The Catalyst: Merz’s Election and Policy Shifts
Merz’s narrow victory in the Bundestag’s second vote for chancellor alleviated fears of prolonged political gridlock in Germany. His coalition with the Social Democrats promises fiscal stimulus via a €500 billion infrastructure fund, corporate tax cuts, and reforms to streamline bureaucracy. These measures aim to revive a German economy projected to stagnate at 0% growth in 2025.
However, skepticism remains. Merz’s strict adherence to Germany’s debt brake—limiting deficits to 0.35% of GDP—has drawn criticism from economists, who argue it stifles the flexibility needed to address structural challenges.
ECB vs. Fed: Divergent Monetary Policies
The European Central Bank (ECB) is expected to cut its deposit facility rate by 25 basis points to 2% in June, prioritizing economic stability over inflation concerns. This dovish stance contrasts with the Federal Reserve’s cautious approach, where rates remain steady at 4.25%–4.50% amid conflicting pressures from a contracting U.S. economy (-0.3% Q1 2025) and a resilient labor market.

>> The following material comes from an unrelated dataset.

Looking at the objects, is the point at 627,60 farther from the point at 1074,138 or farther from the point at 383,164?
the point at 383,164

The ECB’s focus on absorbing U.S. tariff-driven shocks has further weakened the Euro’s upside, while the Fed’s reluctance to cut rates has limited the Dollar’s decline.
Trade Tensions and Geopolitical Crosswinds
U.S. tariffs on European goods and retaliatory measures from the EU—potentially including €100 billion in tariffs on U.S. exports—add volatility to both currencies. Constructive U.S.-China trade talks have temporarily eased global risks, supporting EUR/USD. However, U.S. President Trump’s push for rate cuts and his administration’s alignment with Germany’s far-right AfD party introduce geopolitical uncertainty.
Market Sentiment and Technical Outlook
EUR/USD has held support near the 20-day EMA (~1.1270) but faces resistance at 1.1500. Traders await clarity on ECB rate decisions and U.S. fiscal-monetary policy alignment. Technical indicators suggest a neutral-to-bullish bias, though RSI readings within 40–60 indicate exhausted momentum.
Conclusion: A Fragile Euro Rally
Merz’s election has provided a modest tailwind to the Euro by reducing political risk and signaling growth-oriented fiscal measures. However, the ECB’s accommodative stance, U.S. tariff-driven economic headwinds, and legislative hurdles to Merz’s reforms cap gains.
The EUR/USD’s near-term trajectory hinges on three factors:
1. ECB Rate Cuts: A June rate cut to 2% will likely weigh on the Euro unless growth data improves.
2. Fed Policy Shift: A Fed pivot toward rate cuts—driven by further U.S. economic weakness—could weaken the Dollar and boost EUR/USD.
3. Trade Resolution: A U.S.-EU tariff truce or breakthrough in U.S.-China talks would stabilize risk sentiment and support the Euro.
For now, EUR/USD remains in a tight range (1.12–1.14), reflecting balanced forces. Investors should monitor the ECB’s June decision and U.S. Q2 GDP data for clues on sustained momentum.
The Euro’s recovery is real—but its durability depends on more than Merz’s policies alone.